Can anyone tell me how to trace where something is coming from? For example, if I had the following: xxx.xx.xx.xx How can I tell where it is coming from? 
That address is mine, as it follows items I post on the internet, but I would really like to know how to do this.

Thanks,

Slider_01


----------



## MossyMO (Feb 12, 2004)

I would recommend not posting your own, you are just asking for trouble. Not positive, but I believe if you sign off and restart your pc and log back in, you will sign on to a different IP address and that one you posted will no longer be valid.

And to answer your question, I have no idea?


----------



## Squeeker (Apr 1, 2004)

You can do an IP look up here:
http://psacake.com/web/eg.asp

Take it with a grain of salt though. It will simply display who owns the rights to that IP, not necessarily exactly who is using it. This can vary due to dynamic IP addressing.


----------



## stevepike (Sep 14, 2002)

Or you can go right to the source at

http://arin.net/

American Registry for Internet Numbers

They will tell you who owns the range of IP addresses.

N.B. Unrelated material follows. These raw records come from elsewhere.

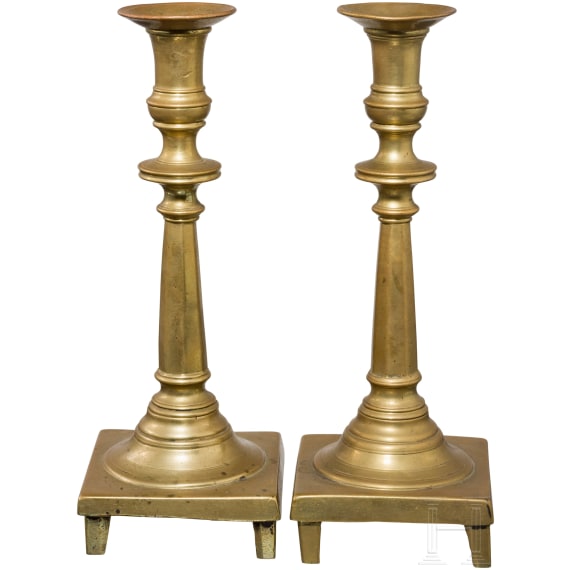 A pair of candlesticks, Greece, 19th century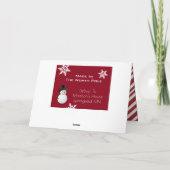 Cartes Pour Fêtes Annuelles Personnalisé de l'atelier de Père Noël (Dos)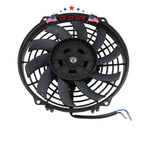 9" Electric Radiator Cooling Fan Mount Kit for Universal Fit (12V)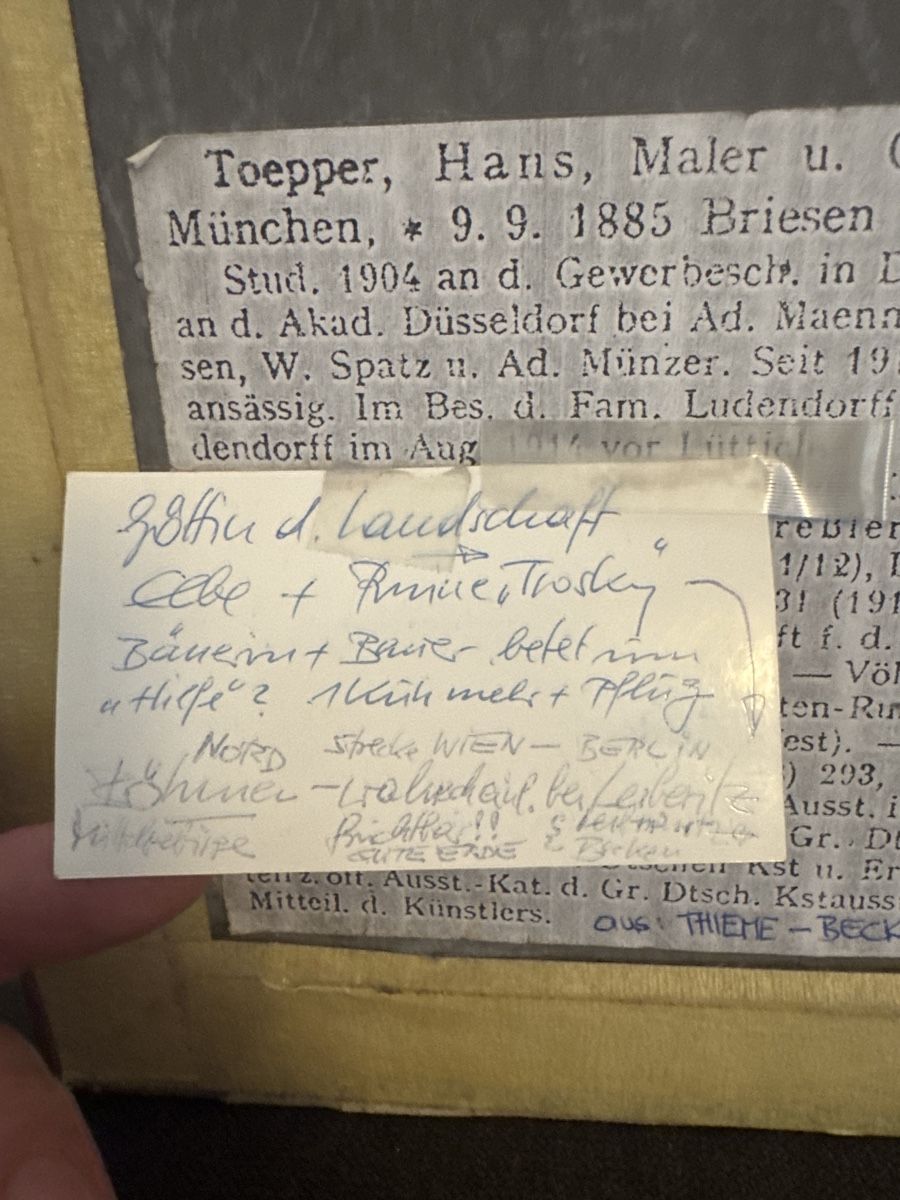 Gemälde: Toepper Hans – Gebraucht aus Buchs AG von ChrizZa 4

Depending on if they do dynamic or static IP addressing will determine if the same computer has the same IP address.

People can do alot with your IP address too so I would refrain from posting it in an online forum as well. (You should probably go back and edit your previous post and remove it)

Why did you want to know how to lookup an IP address anyway?


----------



## The Norseman (Jan 8, 2005)

As I understand it the ip address is an address directly to your computer.

In the Army we could go to that address, Ping it, and see it or hack into that computer to change programs, whatever.

Please be very careful with that IP address.

8)


----------